JSON.parse is a synchronous function, and therefore it throws errors. That's important to remember. You should never, never, never, ever throw an exception from asynchronous code. Ever. Srsly.

error events

error events are kind of stupid. They are a "special" event within Node, and they're "special" behavior is that if an error event is emitted without any listeners, it crashes the program. Let me repeat that, because repeating things is something you do when writing to help emphasize something. Or so my high school English teachers taught me.

error events without listeners crash programs.

There are no exceptions to this rule, and you can't get around it. Except by listening for error event. They are very similar to checked exceptions in Java, so those of you who sold your soul to the AbstractStrategyFactoryFactory can rest easy, as this paradigm should be familiar to you already.

Now, normally, this isn't a huge problem, as it's documented and standardized, so if you care about something emitting an error and want it to not crash your program, you can add a listener and handle it yourself. But it's not so easy.

It's not easy because it's turtles all the way down. Many userland libraries often do some sort of networking, e.g. connecting to a database. This means it has to open a socket. Usually that's all abstracted so that the library is easy to use. Often it's the reason for the library.

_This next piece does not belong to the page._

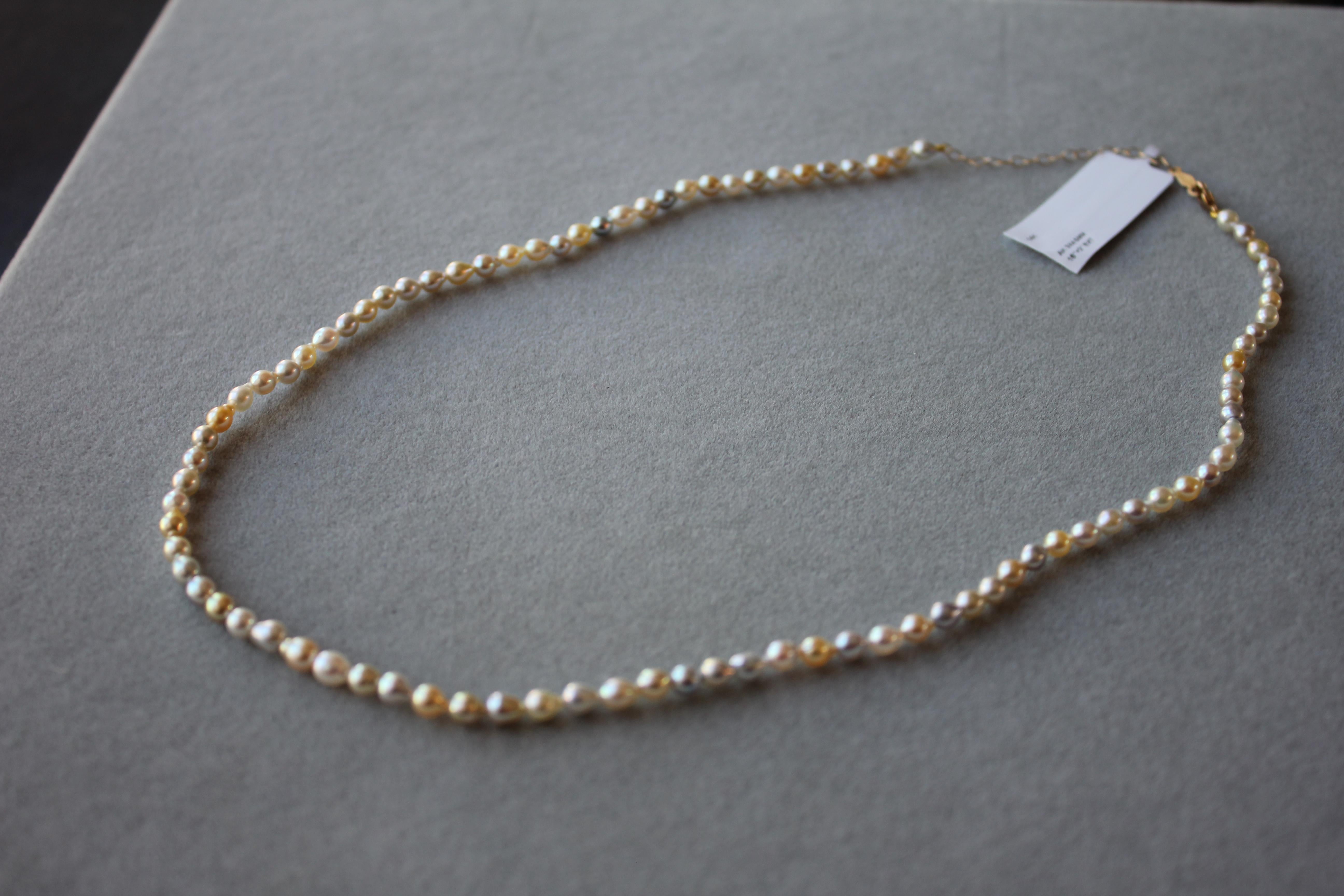 14 Karat Yellow Gold Multicolor Akoya Cultured Pearl Layer Thin Bead Necklace For Sale 9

Abstractions are supposed to make things easy (and why FactoryFactorys seem to be so abundant).

So, now you're connecting to your super awesome NoSQL CouchiakooseandradisDB database using some random dude's library, which happens to abstract a socket connection. But is that random dude's library handling the error event? If not, you'll need to dig through that dude's probably well-tested and intelligently-factored code to figure it out. And if it isn't handled, then you'll have to figure out how to get a hold of the underlying socket connection and handle the error yourself. Which kind of defeats the purpose of an abstraction. I assure you this has happened to me before. It's rather annoying.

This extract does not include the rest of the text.